When to use heat maps:
- Showing the relationship between two factors. Examples: segmentation analysis of target market, product adoption across regions, sales leads by individual rep.
- Vary the size of squares. By adding a size variation for your squares, heat maps let you know the concentration of two intersecting factors, but add a third element. For example, a heat map could reveal a survey respondent’s sports activity preference and the frequency with which they attend the event based on color, and the size of the square could reflect the number of respondents in that category.
- Using something other than squares. There are times when other types of marks help convey your data in a more impactful way.
11. Highlight table
Highlight tables take heat maps one step further. In addition to showing how data intersects by using color, highlight tables add a number on top to provide additional detail.

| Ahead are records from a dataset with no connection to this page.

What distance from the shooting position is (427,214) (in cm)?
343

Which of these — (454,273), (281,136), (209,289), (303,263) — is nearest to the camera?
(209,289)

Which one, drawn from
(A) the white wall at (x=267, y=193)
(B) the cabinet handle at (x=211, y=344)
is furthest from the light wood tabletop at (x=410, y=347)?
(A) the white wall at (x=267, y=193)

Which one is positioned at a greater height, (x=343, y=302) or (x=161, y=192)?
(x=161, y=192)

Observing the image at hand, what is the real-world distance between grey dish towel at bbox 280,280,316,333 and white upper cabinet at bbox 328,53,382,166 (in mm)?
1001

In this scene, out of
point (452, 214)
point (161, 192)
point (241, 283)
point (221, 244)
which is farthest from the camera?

When to use highlight tables:
- Providing detailed information on heat maps. Examples: the percent of a market for different segments, sales numbers by a reps in a particular region, population of cities in different years.
- Combine highlight tables with other chart types. Combining a line chart with a highlight table, for example, lets a viewer understand overall trends as well as quickly drill down into a specific cross section of data.

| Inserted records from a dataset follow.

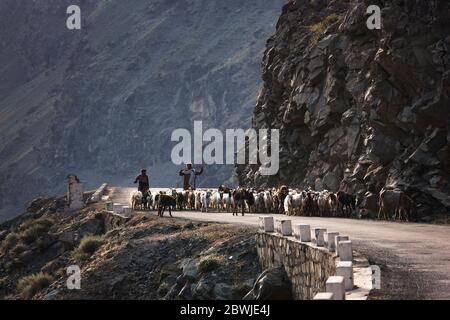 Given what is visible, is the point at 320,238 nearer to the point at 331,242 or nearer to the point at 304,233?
the point at 331,242

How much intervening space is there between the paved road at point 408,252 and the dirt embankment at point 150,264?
322 cm

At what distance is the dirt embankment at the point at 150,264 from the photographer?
23.9 meters

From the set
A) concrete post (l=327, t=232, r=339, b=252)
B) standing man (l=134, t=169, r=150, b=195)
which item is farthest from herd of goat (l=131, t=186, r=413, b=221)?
concrete post (l=327, t=232, r=339, b=252)

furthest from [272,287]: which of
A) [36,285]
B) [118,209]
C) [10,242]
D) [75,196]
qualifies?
[75,196]

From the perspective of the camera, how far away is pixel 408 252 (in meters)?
19.4

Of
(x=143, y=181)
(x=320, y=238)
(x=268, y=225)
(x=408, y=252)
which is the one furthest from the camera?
(x=143, y=181)

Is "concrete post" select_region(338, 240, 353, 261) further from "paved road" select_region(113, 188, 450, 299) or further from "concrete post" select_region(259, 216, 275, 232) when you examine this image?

Looking to see your data at a glance and discover how the different pieces relate to the whole? Then treemaps are for you. These charts use a series of rectangles, nested within other rectangles, to show hierarchical data as a proportion to the whole.
As the name of the chart suggests, think of your data as related like a tree: each branch is given a rectangle which represents how much data it comprises. Each rectangle is then sub-divided into smaller rectangles, or sub-branches, again based on its proportion to the whole. Through each rectangle’s size and color, you can often see patterns across parts of your data, such as whether a particular item is relevant, even across categories. They also make efficient use of space, allowing you to see your entire data set at once.
When to use treemaps:
- Showing hierarchical data as a proportion of a whole. Examples: storage usage across computer machines, managing the number and priority of technical support cases, comparing fiscal budgets between years.

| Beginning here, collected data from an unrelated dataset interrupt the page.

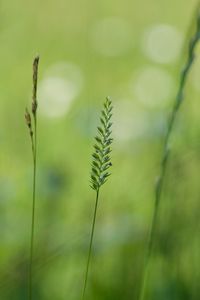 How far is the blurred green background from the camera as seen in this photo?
48.5 inches

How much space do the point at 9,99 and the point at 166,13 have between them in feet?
4.87

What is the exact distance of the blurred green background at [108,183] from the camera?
1.23 m

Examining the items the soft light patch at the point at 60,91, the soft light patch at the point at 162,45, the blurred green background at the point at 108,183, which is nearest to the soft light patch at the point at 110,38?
the blurred green background at the point at 108,183

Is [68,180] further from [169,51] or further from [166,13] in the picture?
[166,13]

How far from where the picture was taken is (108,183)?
1.90 meters

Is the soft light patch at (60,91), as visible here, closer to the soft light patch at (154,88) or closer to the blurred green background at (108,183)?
the blurred green background at (108,183)

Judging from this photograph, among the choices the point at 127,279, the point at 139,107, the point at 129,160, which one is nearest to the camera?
the point at 127,279

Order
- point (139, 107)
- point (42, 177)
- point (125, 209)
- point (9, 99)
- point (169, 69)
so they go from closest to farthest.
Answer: point (125, 209), point (42, 177), point (139, 107), point (9, 99), point (169, 69)

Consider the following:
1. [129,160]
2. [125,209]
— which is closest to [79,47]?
[129,160]

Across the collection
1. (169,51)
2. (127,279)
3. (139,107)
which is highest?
(169,51)

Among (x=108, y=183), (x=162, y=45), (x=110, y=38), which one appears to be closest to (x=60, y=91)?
(x=108, y=183)

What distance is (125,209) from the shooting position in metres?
1.36

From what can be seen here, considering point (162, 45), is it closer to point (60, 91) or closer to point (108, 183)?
point (60, 91)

- Coloring the rectangles by a category different from how they are hierarchically structured.
- Combining treemaps with bar charts. In Tableau, place another dimension on Rows so that each bar in a bar chart is also a treemap. This lets you quickly compare items through the bar’s length, while allowing you to see the proportional relationships within each bar.
13. Box-and-whisker plot
Box-and-whisker plots, or boxplots, are an important way to show distributions of data. The name refers to the two parts of the plot: the box, which contains the median of the data along with the 1st and 3rd quartiles (25% greater and less than the median), and the whiskers, which typically represents data within 1.5 times the Inter-quartile Range (the difference between the 1st and 3rd quartiles). The whiskers can also be used to also show the maximum and minimum points within the data.
When to use box-and-whisker plots:
- Showing the distribution of a set of a data. Examples: understanding your data at a glance, seeing how data is skewed towards one end, identifying outliers in your data.
- Hiding the points within the box. This helps a viewer focus on the outliers.
- Comparing boxplots across categorical dimensions. Boxplots are great at allowing you to quickly compare distributions between data sets.